Quale rapporto tra mondo virtuale e mondo reale? Anzi, quale “grado di realtà” (se così possiamo dire) si può riconoscere a un mondo - quello virtuale - appunto, fatto di segni che, invece di rimandare alle “cose”, rinviano soltanto a numeri e algoritmi?
I casi di cronaca che riferiscono episodi di dipendenza e di confusione tra realtà a virtualità sembrano aumentare progressivamente e ripropongono con attuale necessità una riflessione spesso ripresa, ma altrettanto spesso abbandonata.
È vero, il mondo del virtuale non si può demonizzare; e nemmeno può essere ritenuto responsabile diretto di quello che di male succede nel mondo.
Ma di fronte al ripetersi di alcuni fenomeni, non ha senso ripetere il solito ritornello: “il problema non è il virtuale ma l’uso che se ne fa”. Non ha senso perché il mondo del virtuale sembra godere di una caratteristica tutta sua. Sicuramente esso non rappresenta soltanto criticità, ma esprime anche risorse. E tuttavia è forse arrivato il momento di farsi consapevoli che mentre le criticità emergono, per così dire, spontaneamente, le risorse hanno bisogno di un percorso formativo, che spesso manca, o che, altrettanto spesso, viene strutturato in modo inadeguato alle esigenze formative che consentono di lucrare i guadagni rappresentati dalla risorsa.
Se diamo uno sguardo alla articolazione dei percorsi di educazione multimediale, non è raro trovarsi di fronte a dinamismi marcatamente orientati alla cosiddetta “alfabetizzazione informatica”. Lo scopo di tali percorsi è quello di mettere il soggetto nella condizione di conoscere e di “usare” i comandi e, più in generale, le risorse messe a disposizione dalla virtualità.
Si moltiplicano, pertanto, le iniziative formative finalizzate a insegnare l’utilizzo di alcuni software, a accedere e creare siti web, a utilizzare l’interattività messa a disposizione dai diversi siti, e così via. Questi percorsi, per quanto plausibili, risentono tuttavia di un limite pervasivo e non sempre evidente: essi non promuovono la consapevolezza di ciò che significano, sul piano personale, interpersonale e sociale, le operazioni che si compiono in quei “mondi”.
Nella virtualità gli incontri vengono sostituiti dai contatti che hanno la pretesa di valere come incontri; le azioni vengono sostituite da “click”che hanno la pretesa di valere come azioni; le immagini fatte di numeri e di algoritimi (cioè di qualcosa di estremamente astratto e etereo) hanno la pretesa di essere considerati “oggetti”.

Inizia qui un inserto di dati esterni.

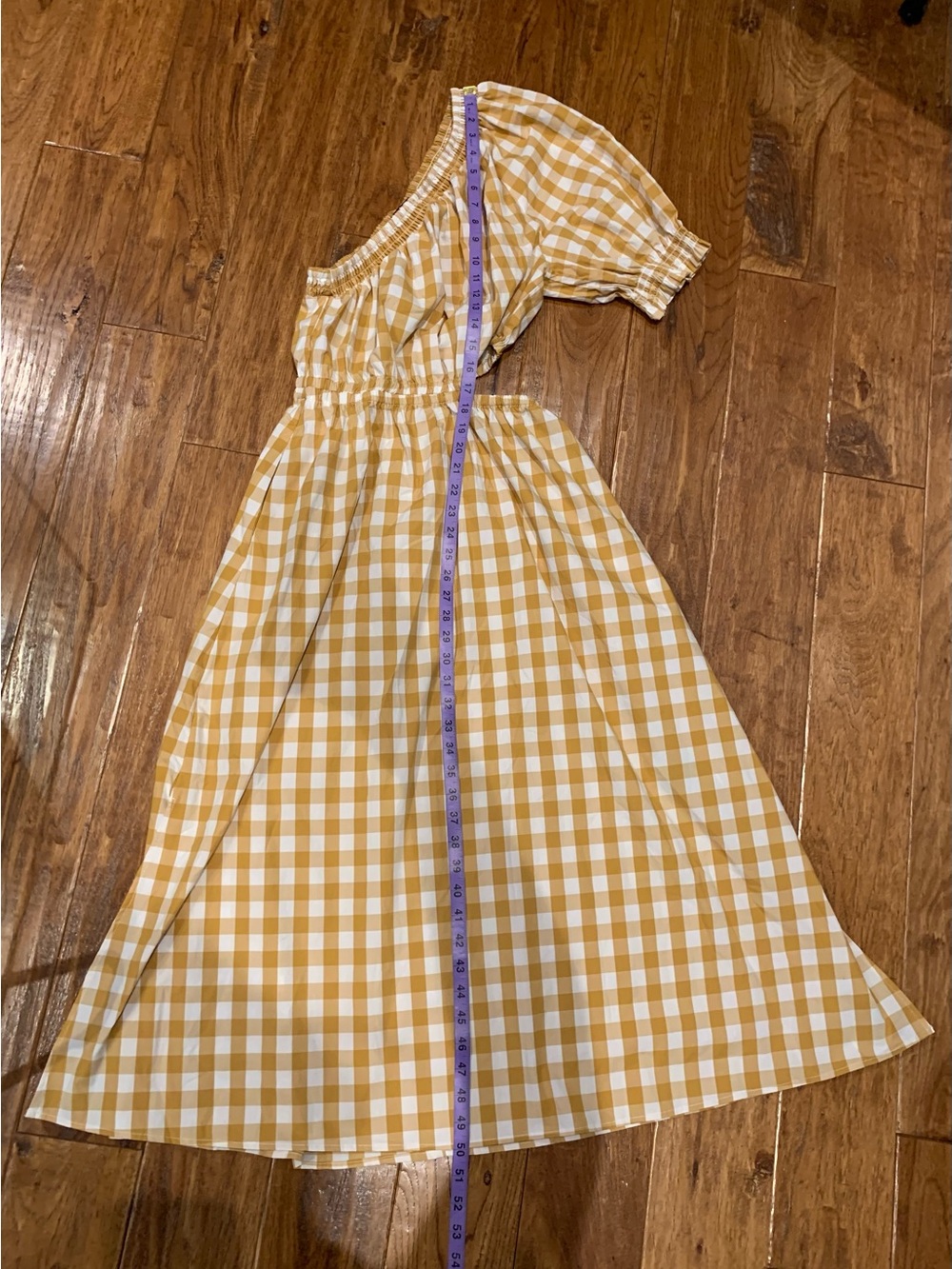 Who What Wear Off-Shoulder Yellow Gingham Midi Dress - Picture 10 of 15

E di questi esempi se ne potrebbero fare molti altri. In questo dinamismo emerge qualcosa che assomiglia molto da vicino a un equivoco: qualcosa che non ha nulla a che fare con la realtà pretende di valere come realtà; qualcosa di estremamente astratto rivendica il diritto di essere considerato concreto. In queste condizioni non è raro che qualcuno possa arrivare a scambiare a scambiare le interazioni, i contatti, gli oggetti, ecc. come qualcosa di reale, che può valere, cioè, da vita reale. Con il rischio - questo sì, tutt’altro che astratto - di perdere l’esercizio di una facoltà mentale di fondamentale importanza per la vita di tutti i giorni: la capacità di sottoporre le cose al cosiddetto “esame di realtà”.
Ci sono buone ragioni per pensare che nel web si operi una pericolosa scissione tra essere e apparire: anche nelle cose che incarnano universi di valore: si può fare solidarietà senza essere solidali; si possono incontrare gli altri rimanendo centrati su se stessi; si può stare in mezzo agli altri rimanendo chiusi nel proprio piccolo mondo.
La risposta a tutto questo è senz’altro l’educazione; un’educazione che insegni a lucrare le risorse del web. Ma che cosa sia e come debba procedere questa educazione, forse è qualcosa che abbiamo ancora bisogno di chiarire.